** Description of the task **
The answer should be an exact repeat of the stretch of material below from the line containing "Calup industries Youth" through the line containing "Revell Maket Seti".

** Data **
----------------------------------------

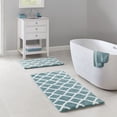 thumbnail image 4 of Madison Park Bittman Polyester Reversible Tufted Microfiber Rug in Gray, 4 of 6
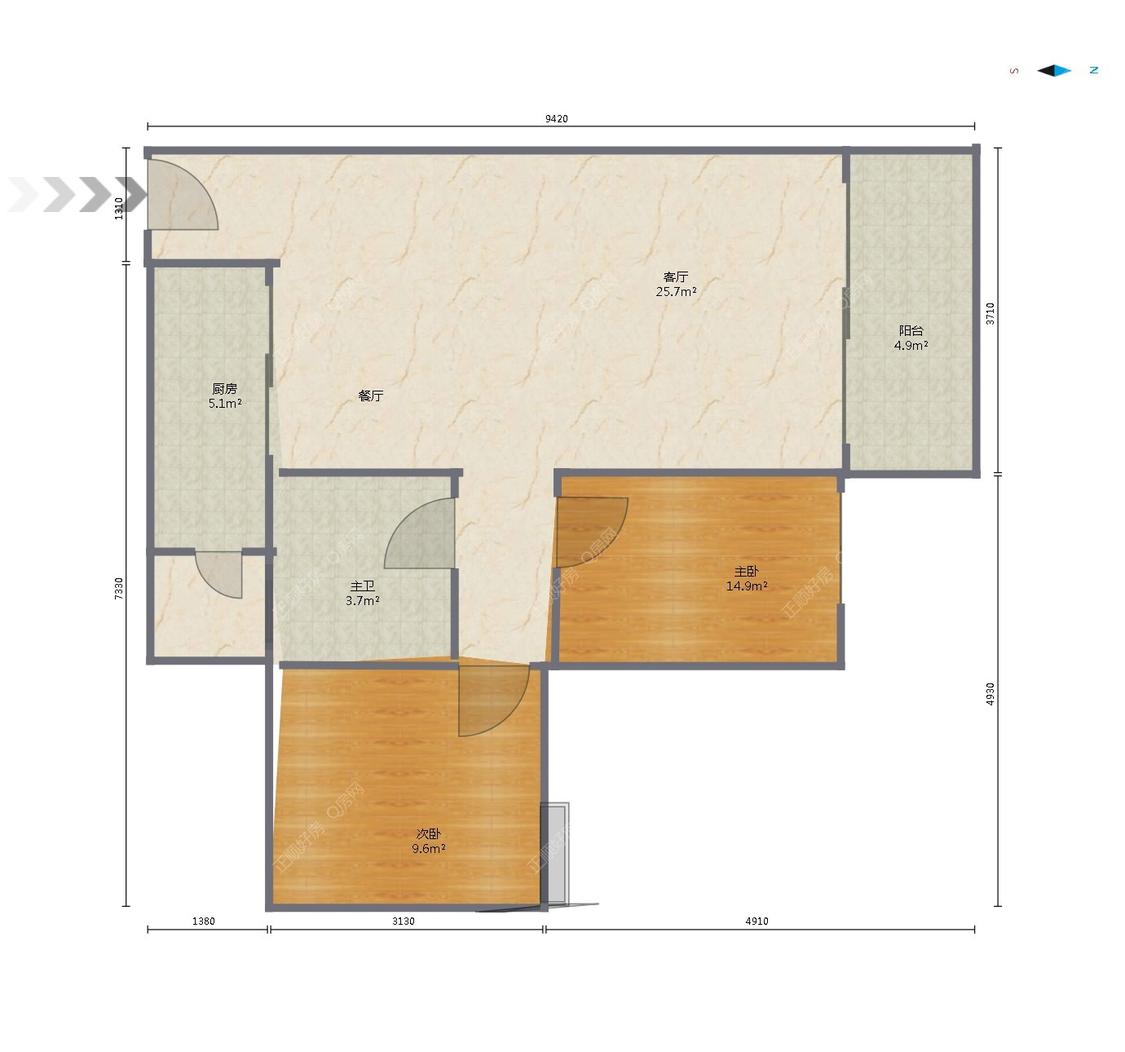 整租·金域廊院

----------------------------------------

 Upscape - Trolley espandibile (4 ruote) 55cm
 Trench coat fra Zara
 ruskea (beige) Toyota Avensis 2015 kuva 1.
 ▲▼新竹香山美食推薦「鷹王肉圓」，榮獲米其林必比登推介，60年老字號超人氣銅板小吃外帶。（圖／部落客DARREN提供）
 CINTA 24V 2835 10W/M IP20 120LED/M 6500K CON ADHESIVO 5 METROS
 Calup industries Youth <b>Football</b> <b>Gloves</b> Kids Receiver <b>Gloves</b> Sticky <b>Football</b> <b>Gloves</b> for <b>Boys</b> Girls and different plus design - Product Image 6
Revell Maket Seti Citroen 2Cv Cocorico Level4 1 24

----------------------------------------

** Completed task **
 Calup industries Youth <b>Football</b> <b>Gloves</b> Kids Receiver <b>Gloves</b> Sticky <b>Football</b> <b>Gloves</b> for <b>Boys</b> Girls and different plus design - Product Image 6
Revell Maket Seti Citroen 2Cv Cocorico Level4 1 24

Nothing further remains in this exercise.